NASHVILLE, Tenn. — Rosanne Cash's interest in political and social activism started at a young age, but she also had a role model in her father, Johnny Cash.
The Grammy-winning singer-songwriter will receive the "Spirit of Americana" Free Speech award Wednesday during the Americana Honors & Awards show in Nashville. Her father received the honor in 2002.
"I campaigned for (George) McGovern when I was too young to vote," she told The Associated Press in a recent interview. "I learned, too, at my father's knee. He was tremendously outspoken, but he had the ability to be passionate and righteous and also compassionate at the same time. That's what I try to do, too."
Cash's career started with her 1981 break-out album, "Seven Year Ache," followed by a string of 11 No. 1 country singles. Today, the singer-songwriter has found a better home for her introspective, poetic music in the Americana genre, which encompasses country, folk, blues, rock and much more.
Cash, a passionate advocate for stopping gun violence, was a longtime member of the board of PAX, an organization that has been folded into the Brady Campaign to Prevent Gun Violence.
She says First Amendment rights are under fire around the world.
"It's really alarming," she says. "When the highest echelons of government call to shut down newspapers or strengthen libel laws or investigate journalists, to even attack journalists, that's a very dangerous time. It's one of the foundations of the republic."
And her calls for stricter gun control have been met with threats and vitriol. She said her daughter has received death threats because of her op-ed columns published by The New York Times.
"A lot of times I feel I don't have the courage, but I say it anyway," Cash says. "Because I cannot ... sit here and watch children being slaughtered when they go to school. It's wrong. It's immoral."
One op-ed came days after the deadliest mass shooting in nation's modern history occurred at a country music festival in Las Vegas last October. She called on the country music community to reject the NRA, which in recent years has sought to tie country music to gun-linked activities like hunting, while also putting its brand on country music tours and concerts.
Cash said some people have talked to her privately about gun control, but she's seen little change regarding the NRA among members of the country music industry.
"It's not just fear of your fans burning your records or the blowback from fans," Cash said. "It's fear of some kind of disenfranchisement, or not upholding the iconography of the country music industry. I honestly don't know. It's kind of shocking to me."

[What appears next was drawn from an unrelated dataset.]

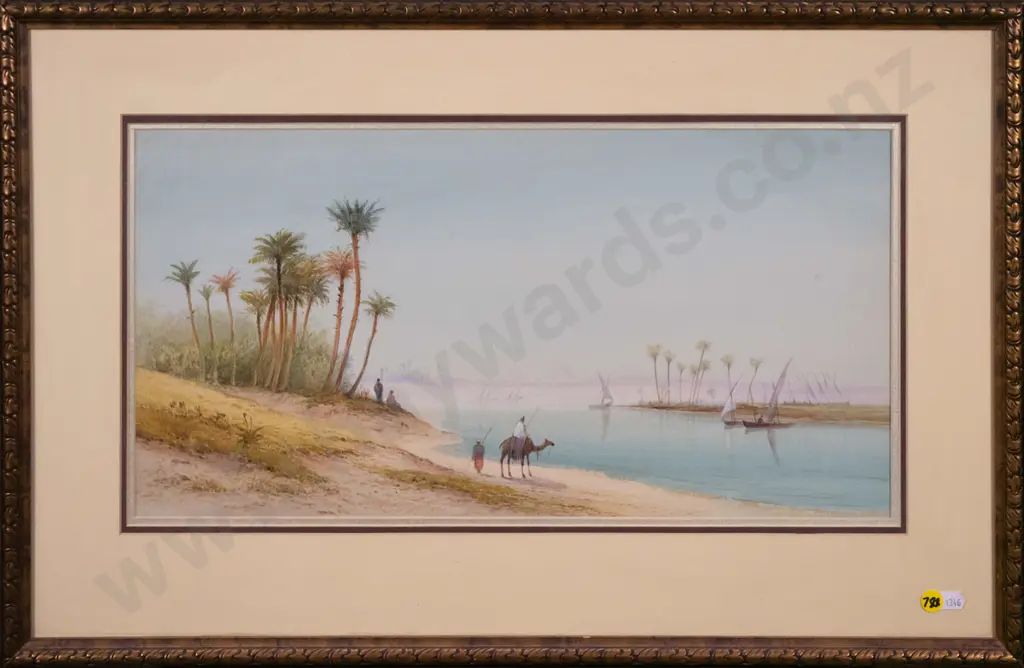 Frank Catano (early 1900s)  - framed watercolour - Egyptian scene H-250 W-480 Image 1++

She's also been a supporter of copyright reform and fair compensation for artists as a board member of the Content Creators Coalition.
"I see so many young musicians quit because they can't pay their rent," Cash said. "And I see a lot of older musicians that can't tour anymore because they are barely scraping by. For a lot of reasons, but one is there are no royalties paid from the digital realm for pre-1972 recordings."
The award is presented in partnership with the First Amendment Center that was founded by journalist and publisher John Seigenthaler Sr. Cash said she deeply admired Seigenthaler for his work during the Civil Rights era when he was the chief negotiator with the governor of Alabama during the Freedom Rides.
During the awards show on Wednesday, Cash will be performing a new song "Everyone But Me" from her upcoming album, "She Remembers Everything." It's a poignant date for Cash as well. It's the 15th anniversary of her father's death.
"He was propelled by his sense of what was moral and what was righteous, his own passion and his own sense of right and wrong. He spoke for Native American rights, for prison reform, against the Vietnam War and many other things," Cash said. "It was all in a day's work."